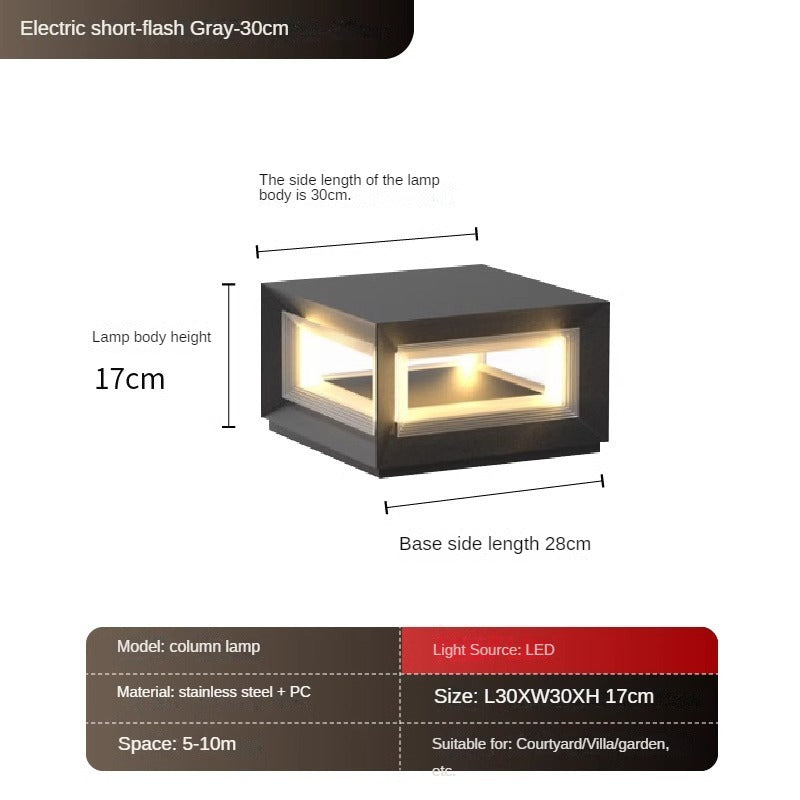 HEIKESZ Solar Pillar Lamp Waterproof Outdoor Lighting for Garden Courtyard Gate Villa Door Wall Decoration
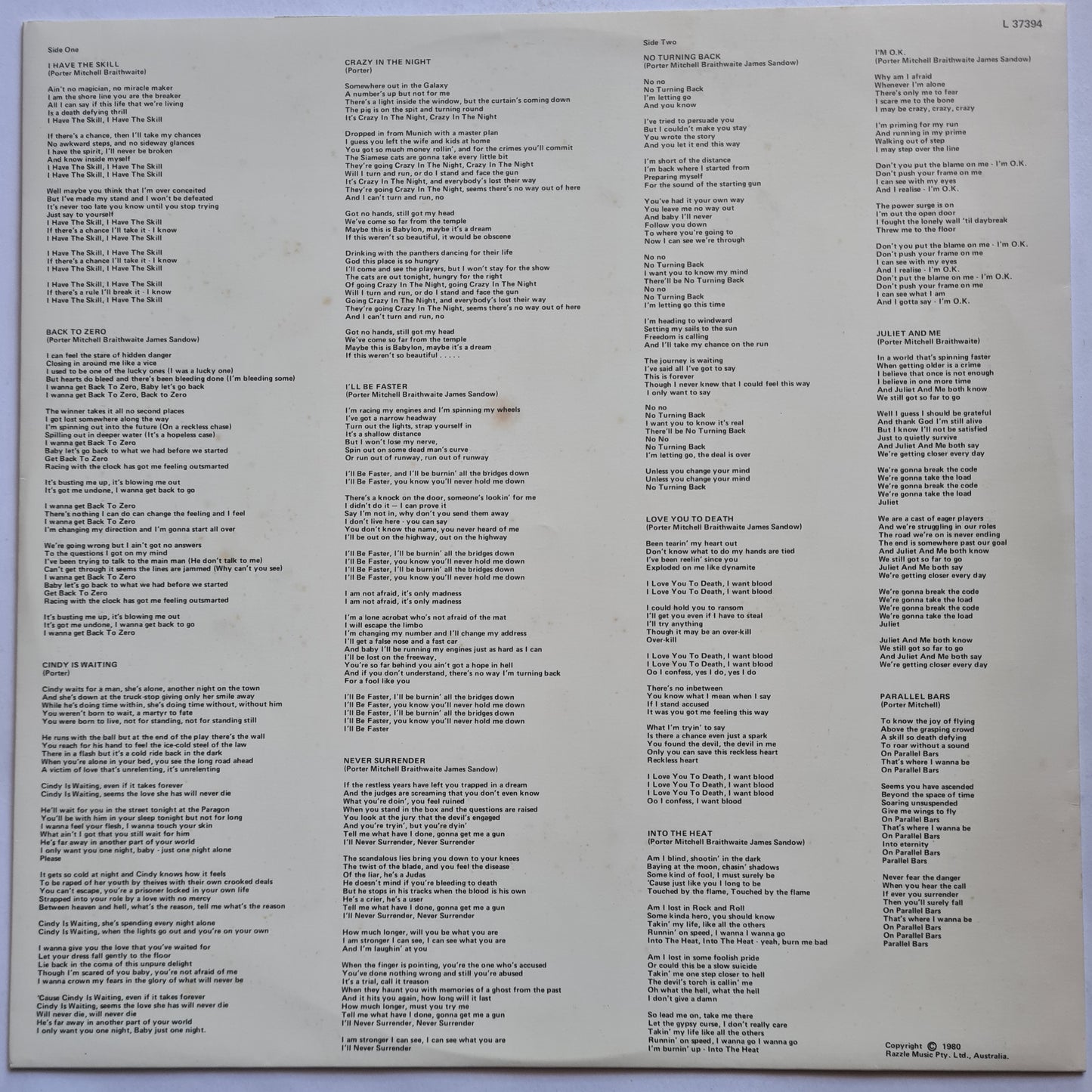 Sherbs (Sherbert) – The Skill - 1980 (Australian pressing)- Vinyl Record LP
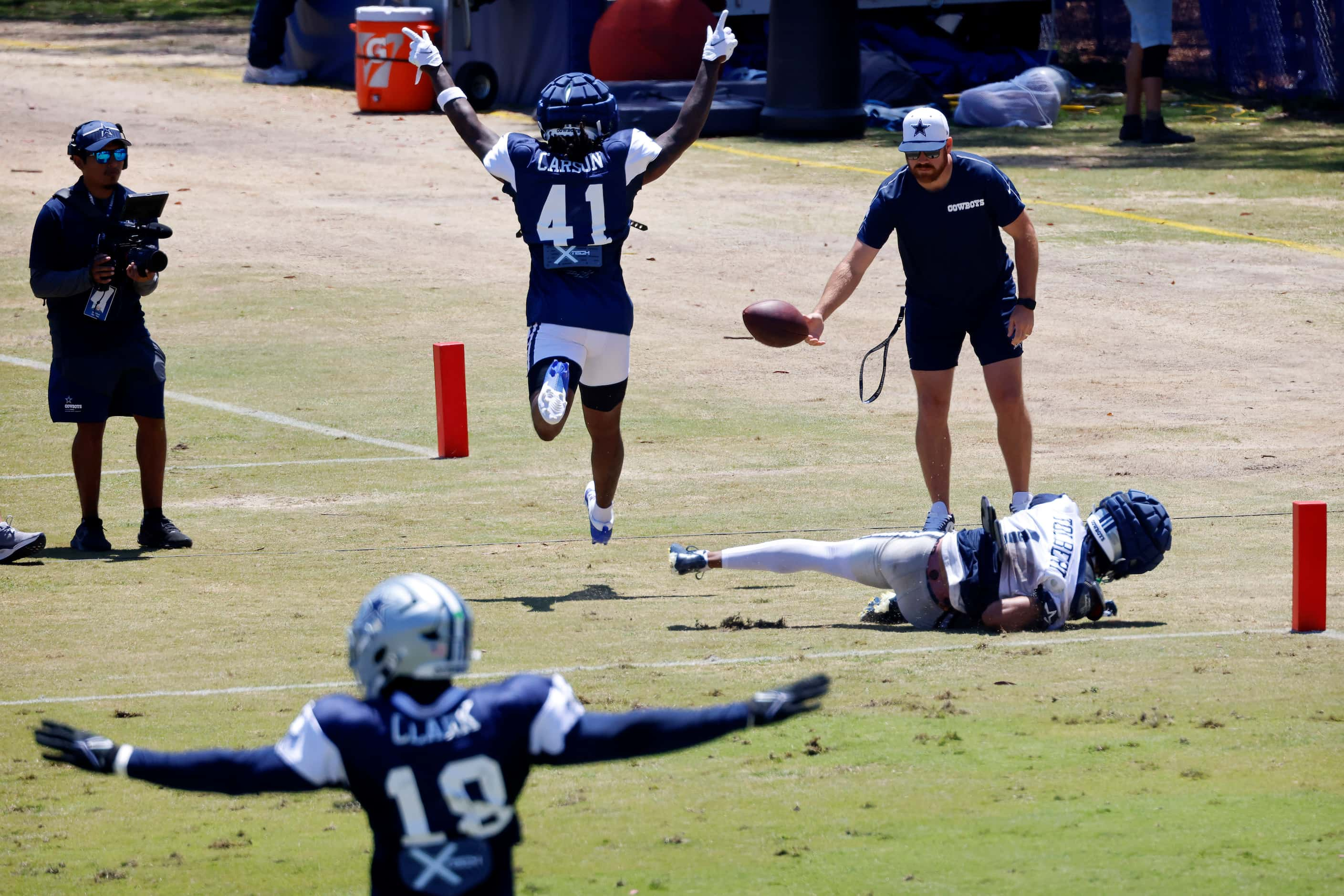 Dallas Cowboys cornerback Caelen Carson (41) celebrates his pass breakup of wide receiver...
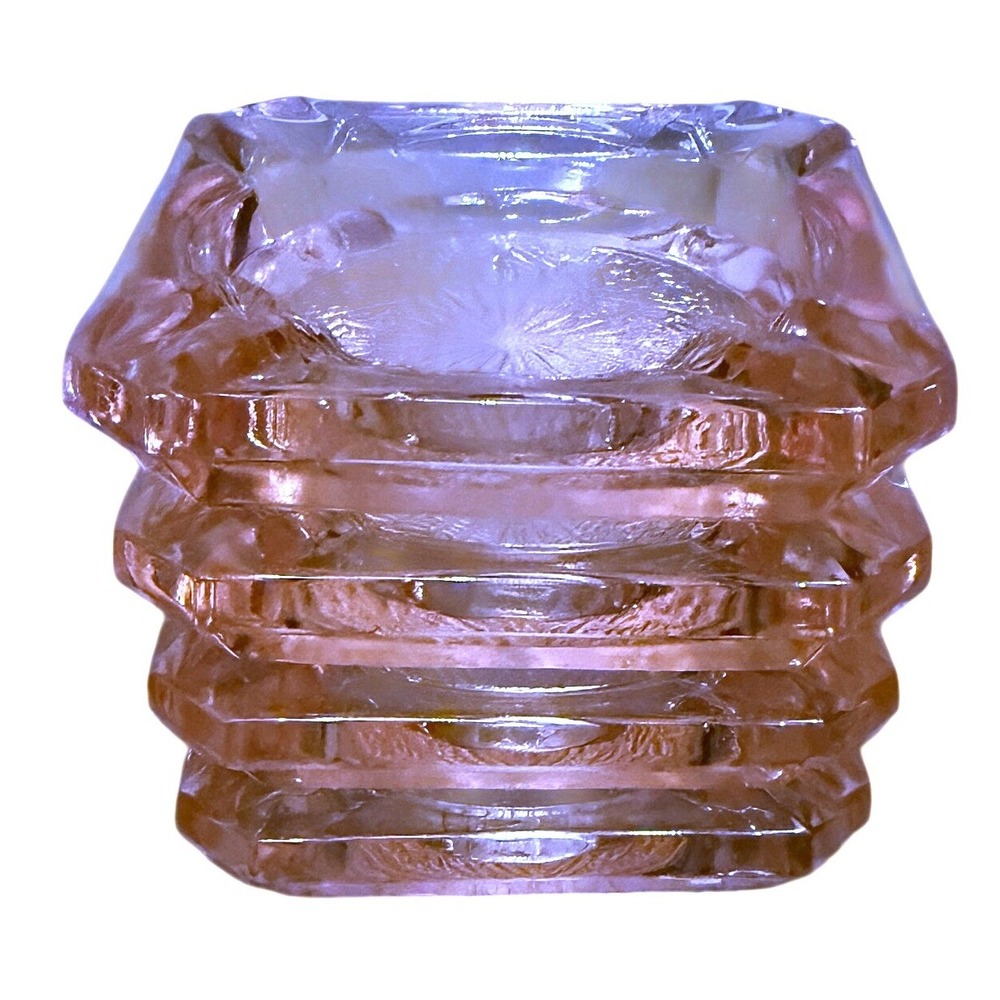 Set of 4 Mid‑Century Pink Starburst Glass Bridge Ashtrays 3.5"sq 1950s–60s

> [Assignment]: The output should be the material above, copied exactly, without its pictures.

> [Exercise response]:
 HEIKESZ Solar Pillar Lamp Waterproof Outdoor Lighting for Garden Courtyard Gate Villa Door Wall Decoration
 Sherbs (Sherbert) – The Skill - 1980 (Australian pressing)- Vinyl Record LP
 Dallas Cowboys cornerback Caelen Carson (41) celebrates his pass breakup of wide receiver...
 Set of 4 Mid‑Century Pink Starburst Glass Bridge Ashtrays 3.5"sq 1950s–60s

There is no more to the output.